Closed yymao closed 3 years ago
The rows are in the same order of as the object catalogs, with unmatched truth entries in the same tract appended right after. So one can easily join this table with object catalog by
object_cat = pd.concat([object_cat, truth_cat[:len(object_cat)]], 1)
Columns in the truth-match table are the ones in the original truth table plus tract
, patch
, cosmodc2_hp
, cosmodc2_id
, is_sn
, match_sep
, match_objectId
, is_unique_truth_entry
.
Simple nearest-neighbor matching using astropy's match_to_catalog_sky
, with no limitation imposed. The match is done within each tract, and we did not take into account the boundary effect.
@yymao Thanks a lot! This is great. My only comment is that, if you pre-filter object_cat using a GCRQuery, then you would have to change the matching method (and do it by objectId
) so adding that in the documentation would be good.
This for sure makes matching faster!
This seems fine to me too. I assume the boundary effect you mention is the ambiguity at the very edges of the tracts: using the truth catalog coordinates may put an object in a different tract than the corresponding object would be assigned using the measured coordinates. I don't personally think this is a big deal, but we should make it clear that this is an issue.
Thank you for the feedback!
@fjaviersanchez: Good point about the issue with using filters
with GCR. I am thinking that we may be able to implement a reader option (say for_composite
) in the new truth-match catalog reader, which when set, it removes the extra unmatched rows such that the GCR composite would just work as usual. And when that reader option is not set, it returns all rows. For people who want to access the files directly they of course need to be careful, and we should note that in our release note.
@jchiang87: Yes, that is the boundary effect I was talking about (I should have been more specific; thank you for the addition!). I too think the fraction of objects affected is very small. I'll see if I can obtain an estimate. In any case we will certainly document this in the release note.

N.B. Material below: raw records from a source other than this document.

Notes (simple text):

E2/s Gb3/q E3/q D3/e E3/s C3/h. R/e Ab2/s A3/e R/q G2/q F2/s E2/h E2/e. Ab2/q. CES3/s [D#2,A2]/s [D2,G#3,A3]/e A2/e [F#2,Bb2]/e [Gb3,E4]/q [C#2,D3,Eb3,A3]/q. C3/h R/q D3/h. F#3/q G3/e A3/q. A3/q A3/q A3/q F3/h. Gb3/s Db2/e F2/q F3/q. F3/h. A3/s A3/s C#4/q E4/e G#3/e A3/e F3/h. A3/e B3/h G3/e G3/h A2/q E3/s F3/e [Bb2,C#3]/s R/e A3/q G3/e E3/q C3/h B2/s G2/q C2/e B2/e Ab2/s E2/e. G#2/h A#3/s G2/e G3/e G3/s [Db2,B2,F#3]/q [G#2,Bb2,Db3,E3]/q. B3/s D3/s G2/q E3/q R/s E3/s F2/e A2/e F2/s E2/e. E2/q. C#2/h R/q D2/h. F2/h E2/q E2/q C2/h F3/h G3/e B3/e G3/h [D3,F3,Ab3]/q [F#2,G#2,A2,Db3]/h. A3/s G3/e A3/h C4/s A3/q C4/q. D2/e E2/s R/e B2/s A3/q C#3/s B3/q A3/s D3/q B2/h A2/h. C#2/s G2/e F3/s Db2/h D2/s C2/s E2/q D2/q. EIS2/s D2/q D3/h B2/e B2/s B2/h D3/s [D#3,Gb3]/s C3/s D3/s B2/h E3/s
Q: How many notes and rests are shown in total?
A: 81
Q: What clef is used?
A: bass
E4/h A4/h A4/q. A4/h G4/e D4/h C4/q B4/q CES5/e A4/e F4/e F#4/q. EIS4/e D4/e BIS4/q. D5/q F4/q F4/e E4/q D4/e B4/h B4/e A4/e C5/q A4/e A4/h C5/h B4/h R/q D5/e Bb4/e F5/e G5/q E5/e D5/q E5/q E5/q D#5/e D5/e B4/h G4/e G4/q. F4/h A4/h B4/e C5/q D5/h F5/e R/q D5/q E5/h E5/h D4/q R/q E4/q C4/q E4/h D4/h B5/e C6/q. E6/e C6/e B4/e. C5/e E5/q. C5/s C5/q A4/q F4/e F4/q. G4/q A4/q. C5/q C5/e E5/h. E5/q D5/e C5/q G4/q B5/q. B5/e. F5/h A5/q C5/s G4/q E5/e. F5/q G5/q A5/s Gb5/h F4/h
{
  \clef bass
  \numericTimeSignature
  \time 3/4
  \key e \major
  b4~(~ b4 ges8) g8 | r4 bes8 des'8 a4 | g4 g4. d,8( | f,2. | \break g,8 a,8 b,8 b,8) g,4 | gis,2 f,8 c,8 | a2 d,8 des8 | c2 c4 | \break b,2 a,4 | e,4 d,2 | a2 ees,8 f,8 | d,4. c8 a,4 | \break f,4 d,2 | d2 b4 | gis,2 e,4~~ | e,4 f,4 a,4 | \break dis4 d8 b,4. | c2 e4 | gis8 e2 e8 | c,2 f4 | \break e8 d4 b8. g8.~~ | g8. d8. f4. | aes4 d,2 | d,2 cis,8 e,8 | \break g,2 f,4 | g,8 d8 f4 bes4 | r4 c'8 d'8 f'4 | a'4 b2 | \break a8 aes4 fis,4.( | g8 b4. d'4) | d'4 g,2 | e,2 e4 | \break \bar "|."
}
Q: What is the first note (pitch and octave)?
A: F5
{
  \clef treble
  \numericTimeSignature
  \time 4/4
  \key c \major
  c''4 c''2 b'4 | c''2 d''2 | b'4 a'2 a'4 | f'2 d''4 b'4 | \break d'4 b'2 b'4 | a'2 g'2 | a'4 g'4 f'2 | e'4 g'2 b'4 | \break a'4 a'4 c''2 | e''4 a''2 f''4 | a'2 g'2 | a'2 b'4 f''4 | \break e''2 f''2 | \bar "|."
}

Thanks! that sounds good to me! Also re: edge-issue, I thought that the tracts themselves overlap so that would solve the problem, as long as we leave enough margin. The only issue would come if we use the coordinates in the object catalog sources to define the boundaries for the truth catalog tracts (in the sense that in the object catalogs we remove the tract overlaps by selecting detect_is_Primary
). Is that right? Or is there any instance in which we would lose a match?
We indeed removed duplicates in the object catalogs (by filtering on detect_isPrimary
). In the truth catalog case, however, each unique truth entry is assigned to a unique tract based on skymap.findTract
, and hence there would not be a built-in overlap between tracts.
And hence if there's a truth entry that is really close to the tract boundary and its detected source happens to have be primary in the neighboring tract, then this match won't be establish in the current scheme. I bet this happens very rarely, but will try to quantify.
I'm continuing to validate of this truth-match catalog, and found a potential issue with the underlying truth catalog this morning.
Some galaxy truth entries that appear Javi's matched catalog (which matches to cosmoDC2 + truth stars) do not appear in this new catalog (which uses truth galaxies+stars+SNe). These missing galaxies are not due to the boundary effect that we discussed earlier, but are in fact missing in the underlying truth galaxies parquet files.
Here's a example of galaxy 10379529968
that should be in healpix 10196
. I verified that it indeed appears in cosmoDC2, but not in truth galaxies.
This is just to report the issue. Next step is to figure out why. cc @JoanneBogart.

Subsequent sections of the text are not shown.